**Available data:**
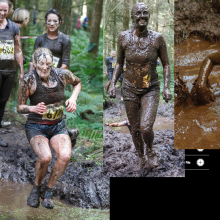 jkoshOne: Muddy Trials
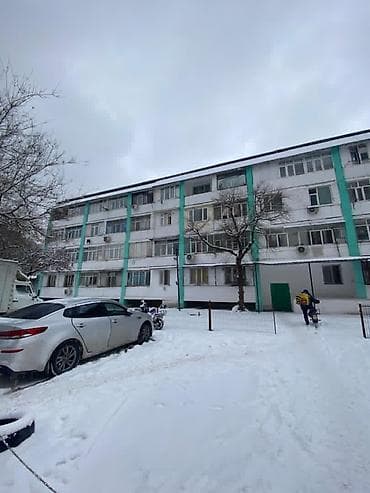 пригород бишкека: 1 комната, 16 м², Гостиничный тип, 3 этаж, Косметический ремонт — 7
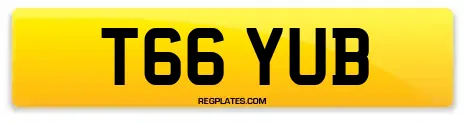 T66 YUB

**Task item:** Having located the line with "пригород бишкека: 1", copy it exactly along with every later line through the end of the listing above, but omit the pictures.

**Problem solution:**
 пригород бишкека: 1 комната, 16 м², Гостиничный тип, 3 этаж, Косметический ремонт — 7
 T66 YUB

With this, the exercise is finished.